- _Action item_: Among the lines below, output only those between the line holding "30 см аниме" and the line holding "Double Blue Glacier Victory Running Trophy", inclusive, exactly as written and with no pictures.
____ Supplied information
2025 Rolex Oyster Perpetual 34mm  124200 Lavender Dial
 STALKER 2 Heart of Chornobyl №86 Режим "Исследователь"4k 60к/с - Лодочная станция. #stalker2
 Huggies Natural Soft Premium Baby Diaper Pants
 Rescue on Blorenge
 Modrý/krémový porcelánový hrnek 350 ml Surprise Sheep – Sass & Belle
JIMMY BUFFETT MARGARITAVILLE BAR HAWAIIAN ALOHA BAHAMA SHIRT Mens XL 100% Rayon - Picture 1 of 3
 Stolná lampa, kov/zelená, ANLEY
________
____ Supplied information
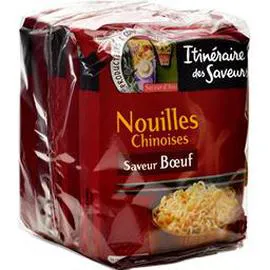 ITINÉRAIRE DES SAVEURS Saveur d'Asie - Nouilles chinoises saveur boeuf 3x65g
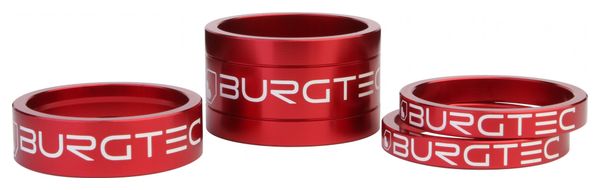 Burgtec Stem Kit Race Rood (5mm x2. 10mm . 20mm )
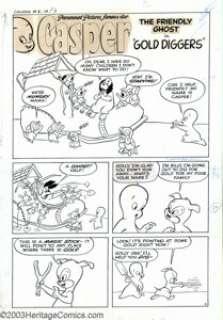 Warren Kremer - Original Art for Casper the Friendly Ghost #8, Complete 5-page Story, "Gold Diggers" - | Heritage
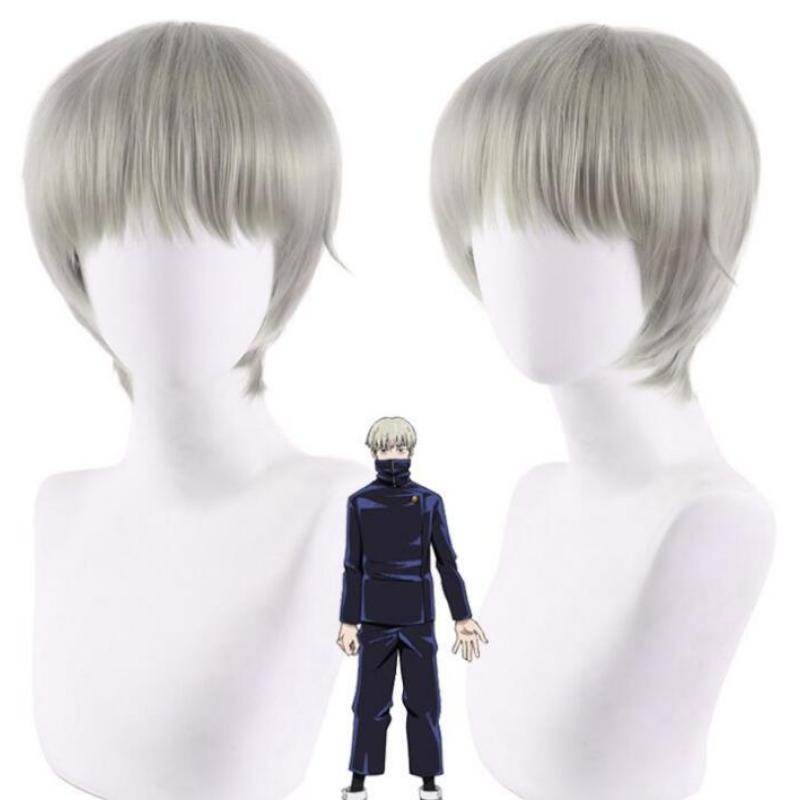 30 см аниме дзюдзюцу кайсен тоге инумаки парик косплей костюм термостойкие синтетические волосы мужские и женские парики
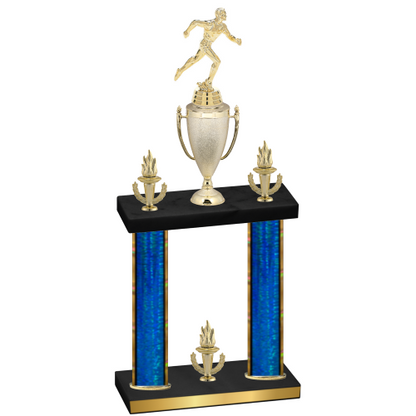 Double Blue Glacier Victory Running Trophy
________
- _Response to the task_:
 30 см аниме дзюдзюцу кайсен тоге инумаки парик косплей костюм термостойкие синтетические волосы мужские и женские парики
 Double Blue Glacier Victory Running Trophy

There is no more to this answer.